### EXERCISE DIRECTIONS
Below is a listing; print exactly its lines from the one containing "Stupell Industries Galloping" down to the one containing "2016 CR-V SE", both inclusive, with every picture left out.

### PROVIDED MATERIAL
- Opening Delimiter -
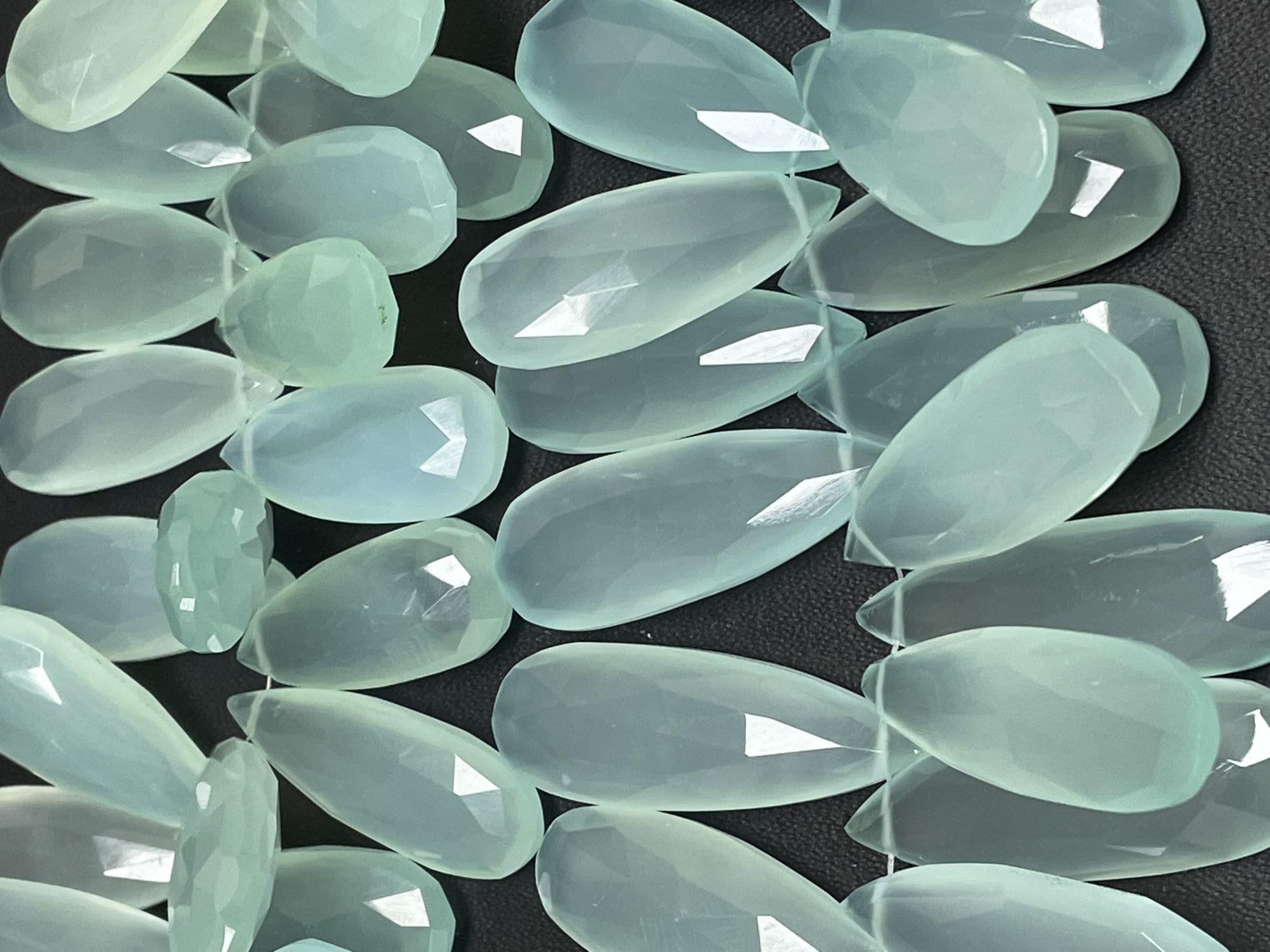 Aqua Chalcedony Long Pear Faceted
- Closing Delimiter -
- Opening Delimiter -
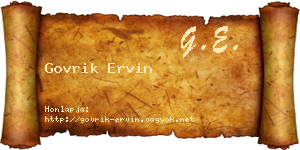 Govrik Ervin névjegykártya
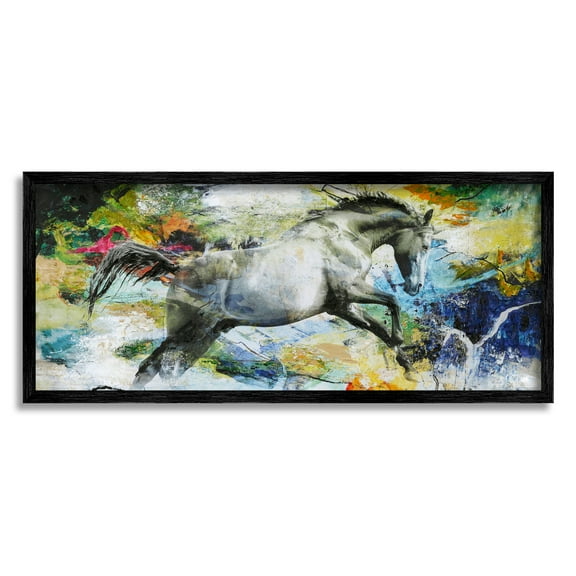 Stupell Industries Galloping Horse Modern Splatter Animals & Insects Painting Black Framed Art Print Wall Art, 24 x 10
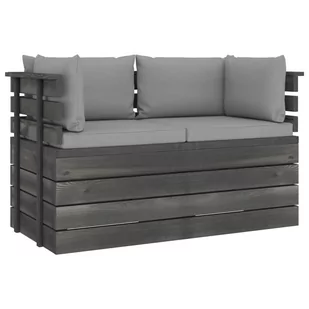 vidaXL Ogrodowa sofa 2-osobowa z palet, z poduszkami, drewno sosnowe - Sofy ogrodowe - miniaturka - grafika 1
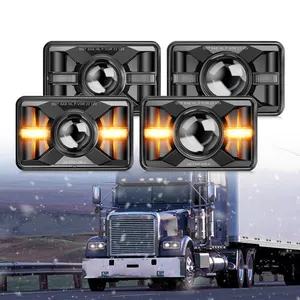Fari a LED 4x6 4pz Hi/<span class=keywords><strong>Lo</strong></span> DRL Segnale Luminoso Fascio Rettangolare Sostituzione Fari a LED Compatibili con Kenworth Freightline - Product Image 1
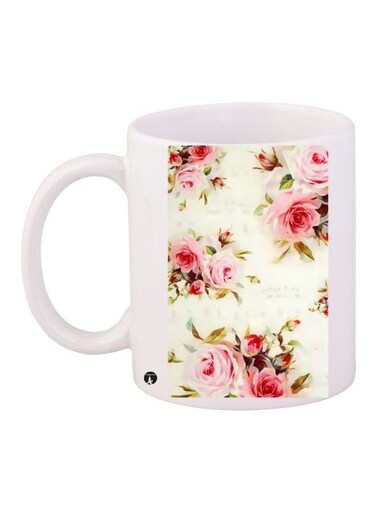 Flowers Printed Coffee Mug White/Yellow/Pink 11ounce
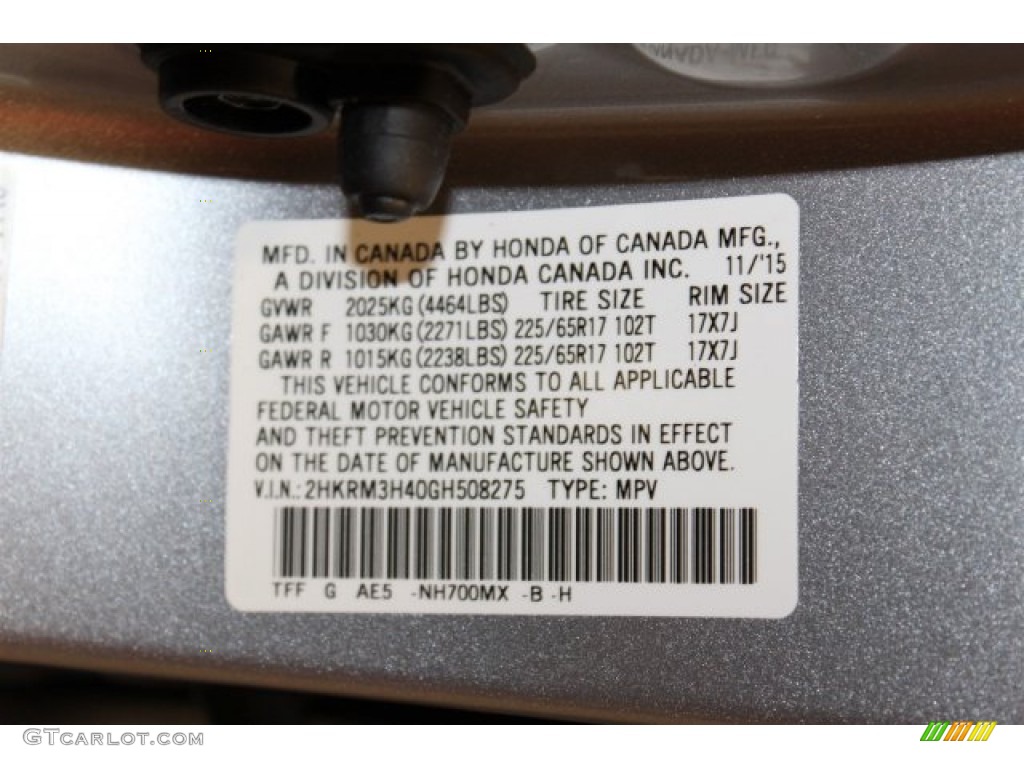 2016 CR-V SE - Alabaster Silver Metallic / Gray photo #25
- Closing Delimiter -
### EXERCISE RESULT
 Stupell Industries Galloping Horse Modern Splatter Animals & Insects Painting Black Framed Art Print Wall Art, 24 x 10
 vidaXL Ogrodowa sofa 2-osobowa z palet, z poduszkami, drewno sosnowe - Sofy ogrodowe - miniaturka - grafika 1
Fari a LED 4x6 4pz Hi/<span class=keywords><strong>Lo</strong></span> DRL Segnale Luminoso Fascio Rettangolare Sostituzione Fari a LED Compatibili con Kenworth Freightline - Product Image 1
 Flowers Printed Coffee Mug White/Yellow/Pink 11ounce
 2016 CR-V SE - Alabaster Silver Metallic / Gray photo #25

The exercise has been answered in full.